Charles attended school off and on until the age of 15 when he left for good. He loved reading and was influenced by some of the early English writers like William Shakespeare. But most of his knowledge that he used as an author came from what he observed around him. He was a keen observer of life and had a great understanding of human nature, particularly of young people.
Dickens became a newspaper reporter in the late 1820’s. He covered debates in Parliament and wrote feature articles of the ever changing London scene. Dickens’ first publication was done under the pseudonym Boz in 1836. It consisted of articles he wrote for the ‘Monthly Magazine’; and the ‘Evening Chronicle.’; These articles surveyed manners and conditions of the time.
Dickens’ personal unhappiness marred his public success. In 1836, he married Catherine Hogarth.

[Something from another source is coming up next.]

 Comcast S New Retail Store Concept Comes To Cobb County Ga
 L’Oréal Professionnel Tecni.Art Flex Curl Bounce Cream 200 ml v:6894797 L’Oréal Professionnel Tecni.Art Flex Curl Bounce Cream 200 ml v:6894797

Her sister, Mary, died in 1837 and Dickens suffered great grief. This led many to believe that he loved Mary more than his wife. Although Catherine was not real intelligent, she was a good woman. She and Charles had 10 children, but they separated in 1858, after 22 years of marriage.
Dickens had a lot of mental and physical energy. He recorded his activities in thousand of letters. They were very enjoyable reading. He crowded his social life with friends from the world of art and literature. He enjoyed drama and went to the theater as much as he could. After he became rich and famous, he made a hobby of producing and acting in amateur theatrical productions. He also was successful in giving public readings of his works. He also busied himself with various charities for schools for poor children and a loan society to enable the poor to move to Australia. He came to know the streets and alleys of London better than any other person of his time. The reason being that he often walked for hours to work off energy.
In failing health, he was still able to entertain and hold his audiences and many friends with his public readings. Dickens collapsed during a reading tour. He died from a stroke in 1870 at the age of 58.
Dickens was considered by many to be England’s greatest novelist and a comic genius. He was a passionate humanitarian and radical. Throughout his life he attacked snobbery, privilege, injustice, and cruelty.
Dickens won his first literary fame with ‘The Posthumous Papers of the Pickwick Club.’; The book describes the humorous adventures of a group of slightly eccentric characters in London and the English countryside. He founded and edited two highly successful weekly magazines. As a public figure, he was constantly in the news. He was recognized and honored wherever he went. He was famous in America as well as Britian.
He wrote 20 novels, not all being best sellers, but the most popular ones broke all sales records of his time. Most of his novels were published in sections. Some of the books he wrote include: Oliver Twist, Nicholas Nickleby, Barnby Rudge, The Old Curiosity Shop, A Christmas Carol, The Cricket on the Hearth, David Copperfield, Bleak House; Hard times, little Dorritt, and A Tale of Two Cities.
Nicholas Nickleby was adapted for film in 1947, The Pickwick Papers in 1954, and Little Dorrit in 1988. A TV series of Nicholas Nickleby was produced in 1983.